Reproduce the listing below exactly, except for its pictures.

Supplied material —
━━━━━━━━━━

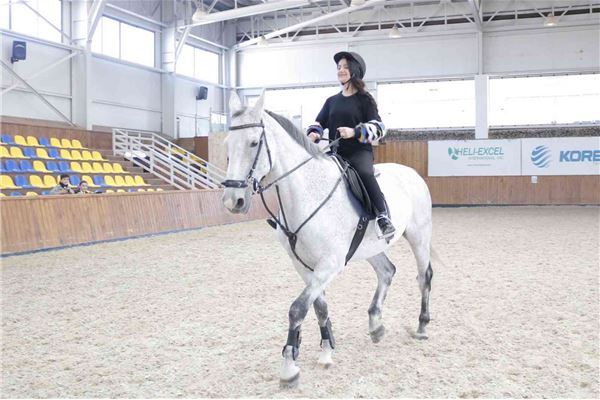 FMIS Students Go Horseback Riding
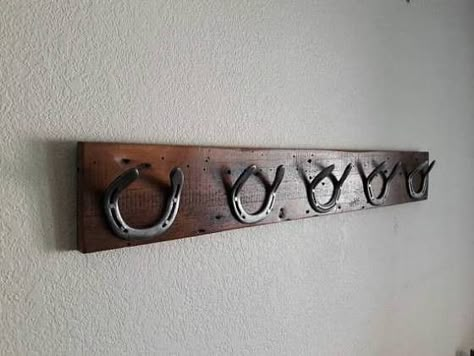 Wood Coat Hanger, Horseshoe Crafts Projects, Horseshoe Projects, Western Stuff, Barn Storage, Horseshoe Decor, Barn Coat, Horseshoe Crafts, Barrel Stave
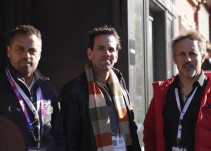 Carlos Loret de Mola asiste al estreno de "Sea of shadows", donde participa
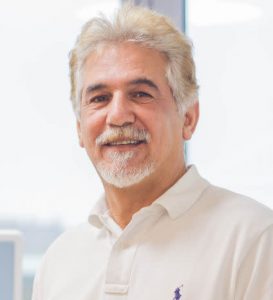 Portraitfoto Zahnarzt Abrol Majid Zafari in Hamburg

━━━━━━━━━━

Output —
 FMIS Students Go Horseback Riding
 Wood Coat Hanger, Horseshoe Crafts Projects, Horseshoe Projects, Western Stuff, Barn Storage, Horseshoe Decor, Barn Coat, Horseshoe Crafts, Barrel Stave
 Carlos Loret de Mola asiste al estreno de "Sea of shadows", donde participa
 Portraitfoto Zahnarzt Abrol Majid Zafari in Hamburg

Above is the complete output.